Researchers from Huazhong University of Science and Technology report a novel nanotherapeutic platform that accelerates diabetic wound healing by simultaneously targeting blood vessels and inflamed tissue. The research team engineered hybrid extracellular vesicles by merging vesicles derived from endothelial cells and neutrophils, then loading them with deferoxamine. By fusing endothelial- and neutrophil-derived membranes, the system achieves precise dual targeting while delivering antioxidant and anti-inflammatory signals–the nanovesicles homed to damaged blood vessels through CXCR4 signaling while simultaneously targeting inflamed tissue via β2-integrin interactions. Once delivered, the system addressed multiple pathological drivers of diabetic wounds.

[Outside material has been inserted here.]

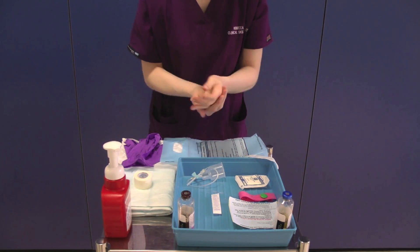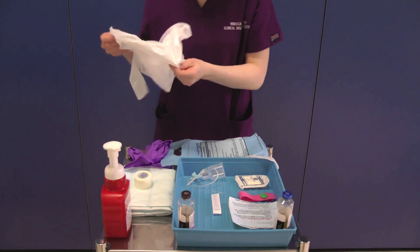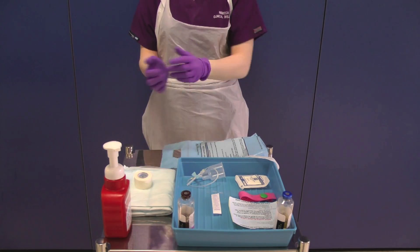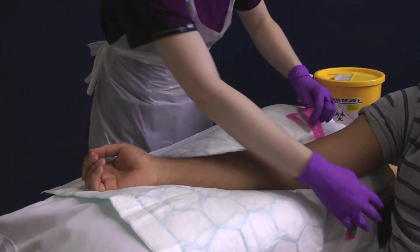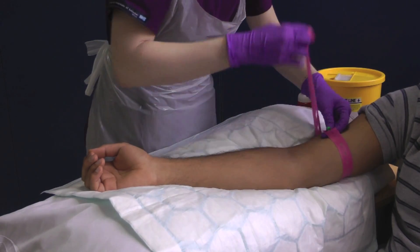Decontaminate your hands and apply an apron and non-sterile gloves. Reapply your tourniquet to distend the vein. Do not repalpate the cleaned area of skin.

In endothelial cells exposed to diabetic conditions, the nanovesicles restored cell survival, migration, and tube formation by activating the PI3K/AKT/HIF-1α pathway and boosting VEGF-mediated angiogenesis. At the same time, iron chelation suppressed lipid peroxidation and ferroptosis through Nrf2-dependent antioxidant responses. Immune regulation represented another critical advantage. The nanovesicles reduced neutrophil over-adhesion, shifted macrophages from a pro-inflammatory M1 state toward a reparative M2 phenotype, and enhanced efferocytosis, the clearance of dying cells that is essential for inflammation resolution.

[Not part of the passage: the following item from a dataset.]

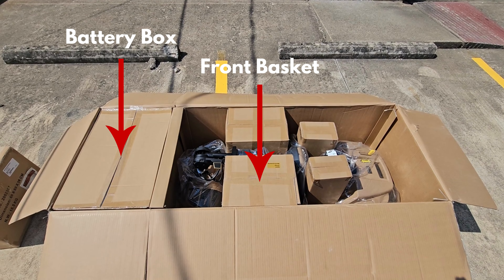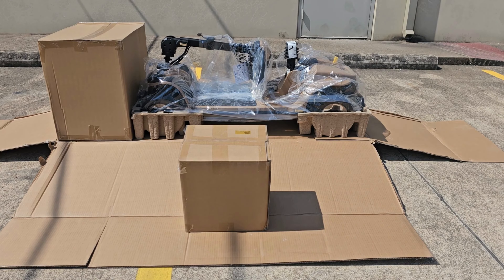Once the box is open, you will notice your battery box, front basket, and scooter. The scooter seat will be in a separate box.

In diabetic mouse wound models, treatment led to faster wound closure, thicker re-epithelialization, increased collagen deposition, and dense new blood vessel formation. Inflammatory cytokines, oxidative stress markers, and ferroptosis indicators were all significantly reduced, demonstrating a comprehensive remodeling of the wound microenvironment. This research highlights a new direction for treating chronic wounds by moving beyond single-target interventions. The hybrid nanovesicle strategy could be adapted to deliver other therapeutic agents or tailored for different inflammatory or ischemic diseases. Its strong biocompatibility and precise targeting suggest translational potential for diabetic foot ulcers, pressure sores, and other non-healing wounds.